Forward GAP states grade adjustments as follows:

Running at 7:00/mi pace on an uphill with a 5% grade is the same effort as 5:35/mi on flat ground

This first mode is useful when you’ve done a workout or a race that involved some hills, and you want to calculate the effective flat-ground pace you were running when you were ascending or descending a hill.

The second mode, which I call “reverse GAP,” can be toggled by pressing the toggle switch at the top of the app. Reverse GAP states grade adjustments as follows:

Running 6:00/mi flat-ground effort on an uphill with a 5% grade results in 7:42/mi pace

This second mode is useful when making race plans, since you’ll typically know what flat-ground effort you should be shooting for.

For example, maybe you think you’re in 3:05 marathon shape (7:03/mi) but want to know your target splits over the first few miles at Boston. By inputting the rise over run for each of those miles, you can figure out the actual pace you should expect to see on your watch if you’re running the correct effort level.

Incline and decline settings

This GAP calculator supports a number of ways to select the steepness of an uphill or a downhill. You can tap the elevation button to quickly flip back and forth between an uphill and the equivalent downhill. Here are the possible ways you can specify hill steepness:

Grade (percent gradient)

Hill grade is the vertical gain of a hill, divided by the horizontal distance, expressed as a percent. A hill that gains 100 meters in one kilometer has a grade of 100 / 1000 = 10%.
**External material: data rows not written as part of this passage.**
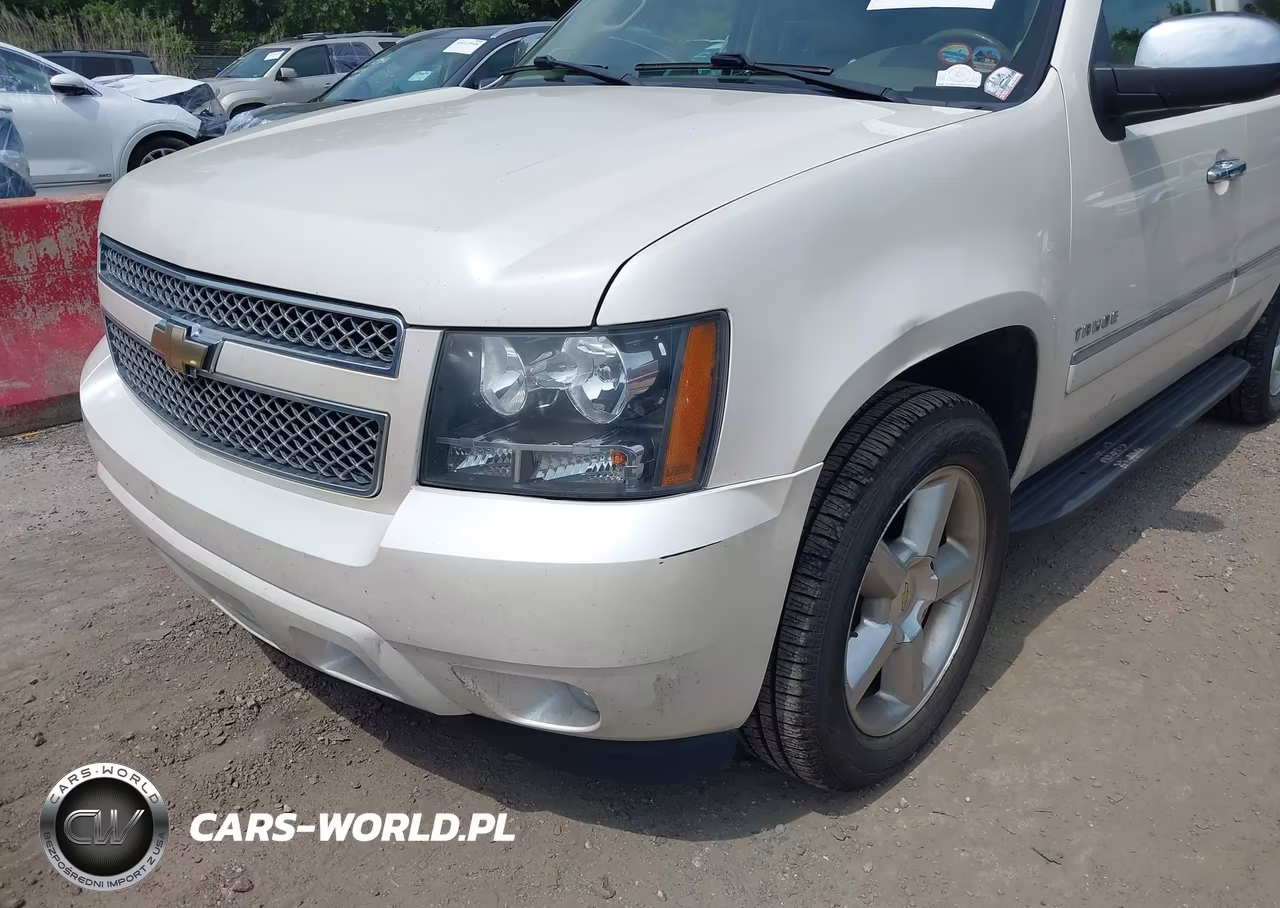 2011 Chevrolet Tahoe Ltz VIN:1GNSKCE00BR399186 - 6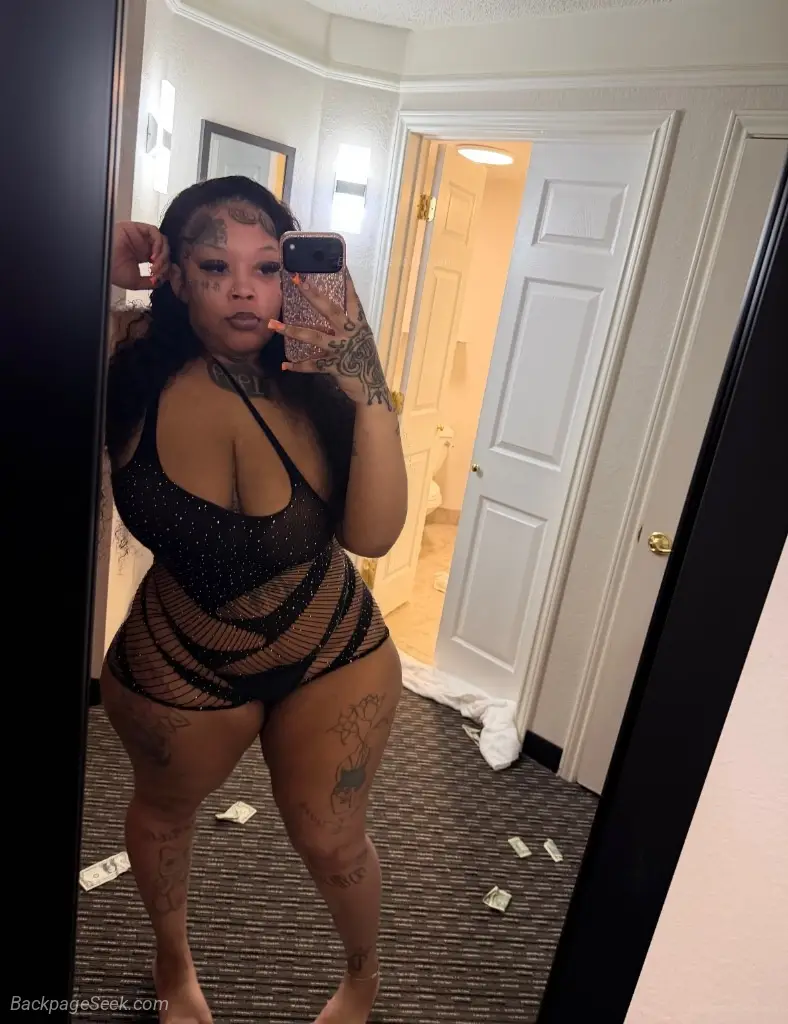 Tight Wet and Thick Your Favorite Blasian Girl Lets Have Som... in Greensboro – Women Seeking Men photo 3
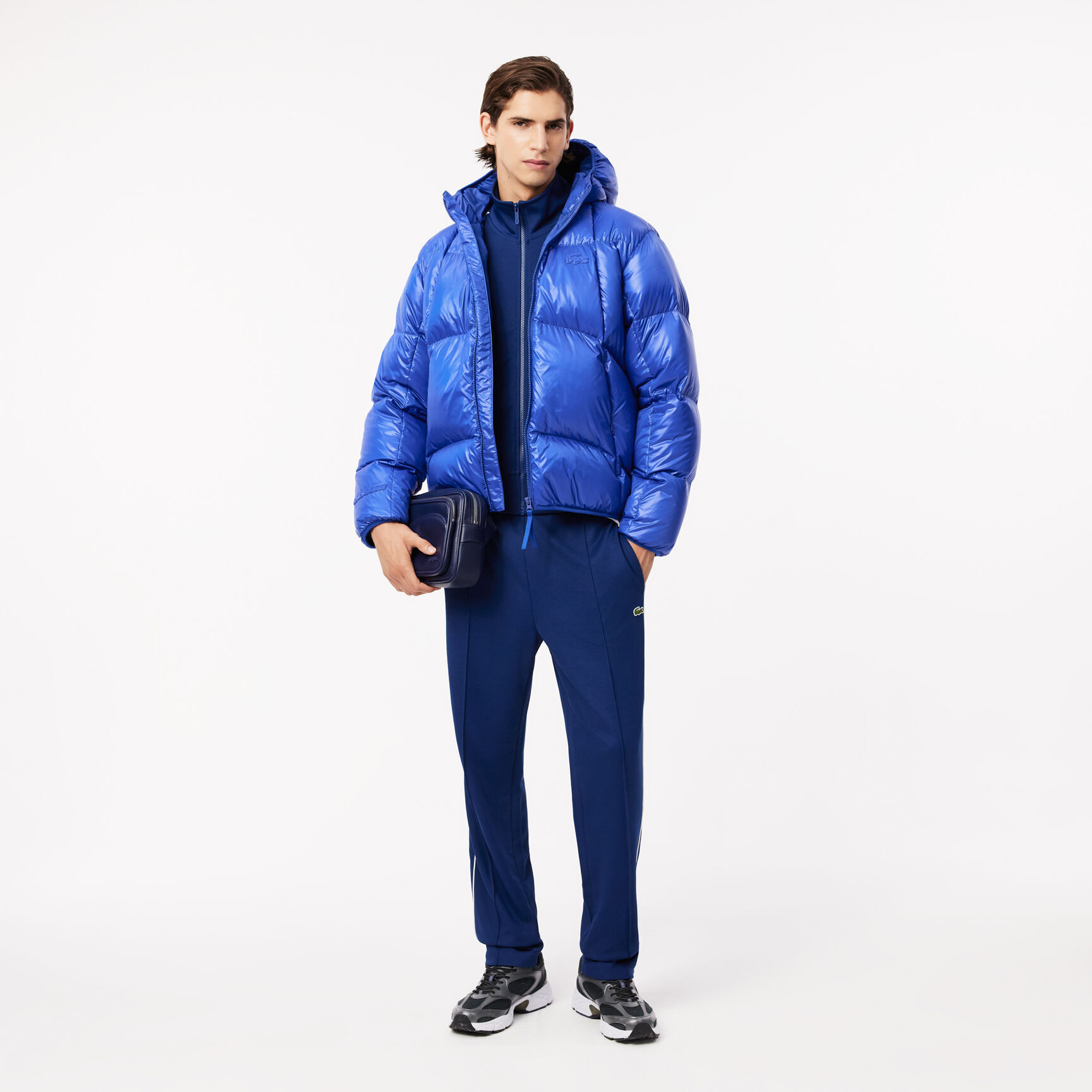 بنطال رياضي من قماش باريس بيكيه بنطال رياضي من قماش باريس بيكيه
The incline setting on treadmills is virtually always measured in grade, even if the display does not actually have a percent sign. So a treadmill incline of “7” is almost surely a grade of 7% (though whether that’s an *accurate* grade is another story!).

Angle (degrees of slope)

Angle, or slope, is the literal inclination of the hill, as you’d measure it if you were drawing right triangles in algebra class. The slope of a hill, measured as an angle in degrees, is commonly used in academic research on biomechanics. I hear that slope is also used by backcountry skiers—so maybe this mode could be useful if you’re running up hills in the summer at a ski resort.

Rise over run

When analyzing a hill from a course elevation map, often the elevation gain is in different units than the horizontal distance. Rise over run mode supports inputting the rise as feet or meters, and the run (meaning the horizontal distance) as miles or kilometers.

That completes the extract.